Cuba condemns U.S. military strikes
HAVANA (Reuters) -- Communist-run Cuba, one of a handful of states on
Washington's list of alleged terrorism sponsors, condemned Thursday's U.S.
military attacks on Afghanistan and Sudan as "arrogant" and
counterproductive.
"President William Clinton ignored the sovereignty of Sudan and Afghanistan
and launched a theatrical bombardment which overshadowed his recent sex
scandal," said state-run news agency Prensa Latina, which generally
expresses the opinions of Cuba's ruling Communist Party.
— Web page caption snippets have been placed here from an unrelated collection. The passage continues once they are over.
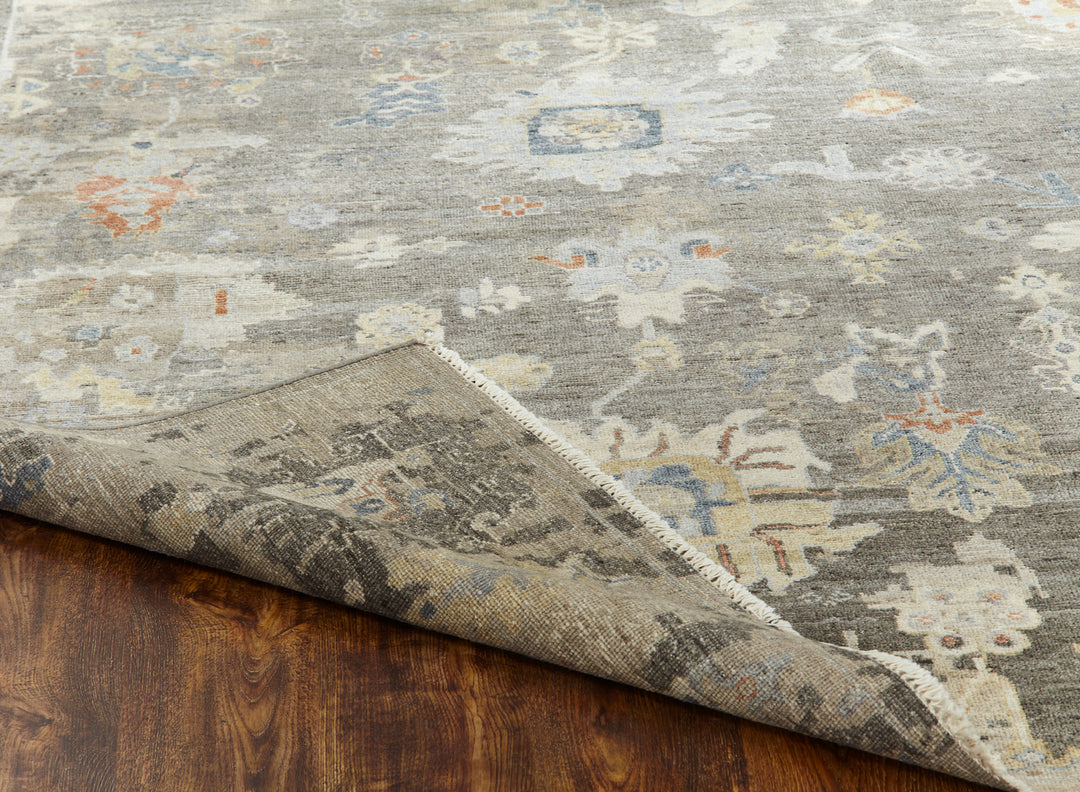 Mafi Signature | Alaska | AK-108: Grey/Multi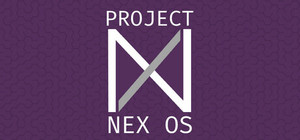 Project NexOS banner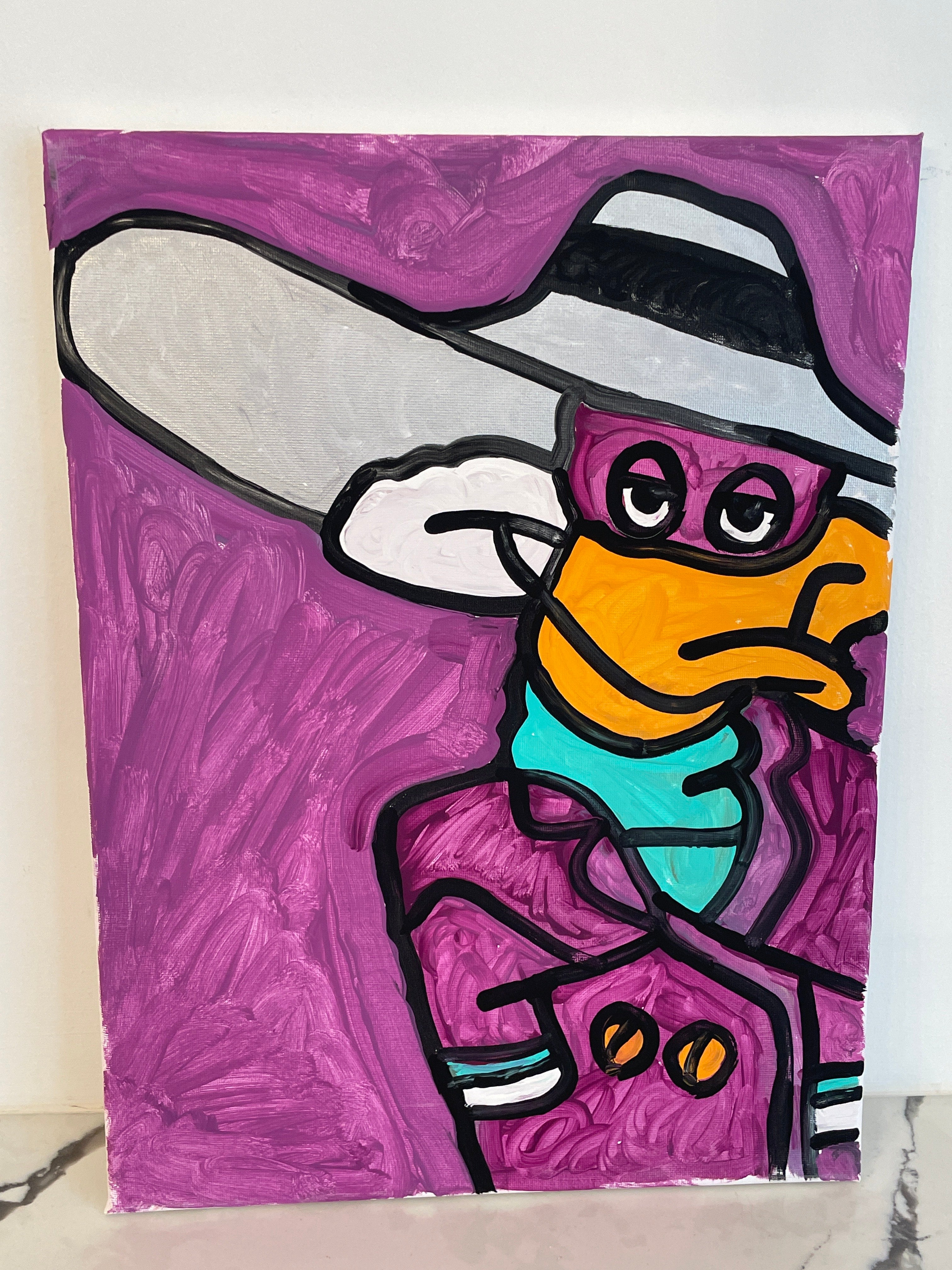 Darkwing Duck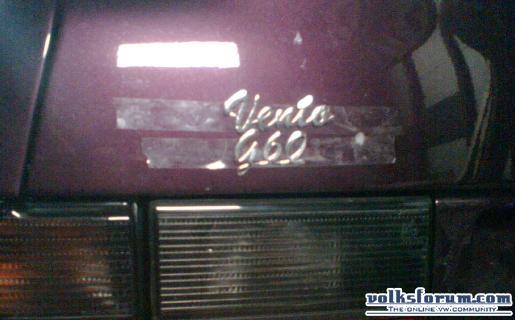 schriftzug custom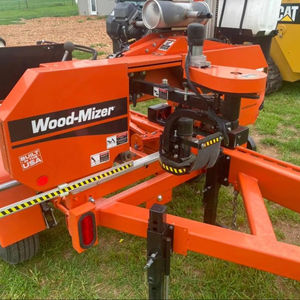 Nueva Sierra Portátil Wood-Mizer LT35 de Alta Precisión con Motor Hidráulico - Product Image 1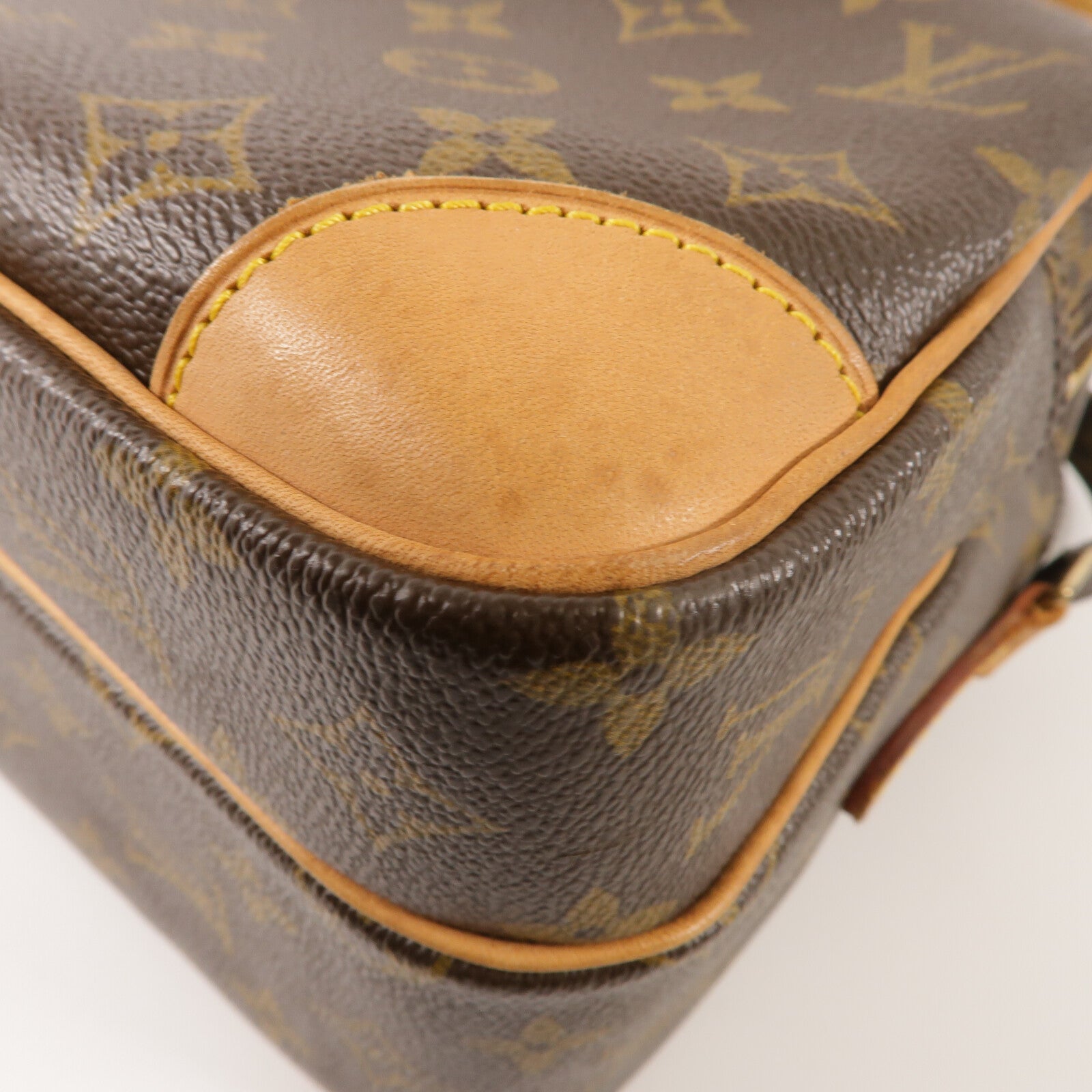 LOUIS VUITTON Monogram Nile肩背袋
"But the attacks, with the pretext of answering terrorism, may fuel more
violence instead of eliminating it," the news agency added in its first
report on
the strikes.
The United States launched attacks on Sudan and Afghanistan earlier
Thursday to hit what Clinton called "terrorist-related" bases believed
to have
been behind the recent bombings of U.S. embassies in Kenya and Tanzania
that killed more than 200 people.
The Prensa Latina article, "Arrogance does not kill terrorism, it fuels
it,"
warned that the strikes may provoke further violence.
"The arrogant use of military bases in the region to respond to the attacks
on
the U.S. embassies in Kenya and Tanzania may create a chain reaction,"
it
said.
It added that the lack of social justice for Arab nations and the "bias"
of the
United States in the Middle East "explain in part, although they do not
justify,
some extremist actions against the U.S. military presence in the zone."
Cuba, at odds with the United States since Fidel Castro's 1959 revolution,
has long supported the Palestine Liberation Organization and broke relations
with Israel in the early 1970s.
Prensa Latina's direct criticism of Clinton contrasted with Castro's recent
conciliatory comments about the U.S. leader whom he had called a "man of
peace" and absolved him of responsibility for other alleged "terrorist"
elements planning violence against Cuba from American soil.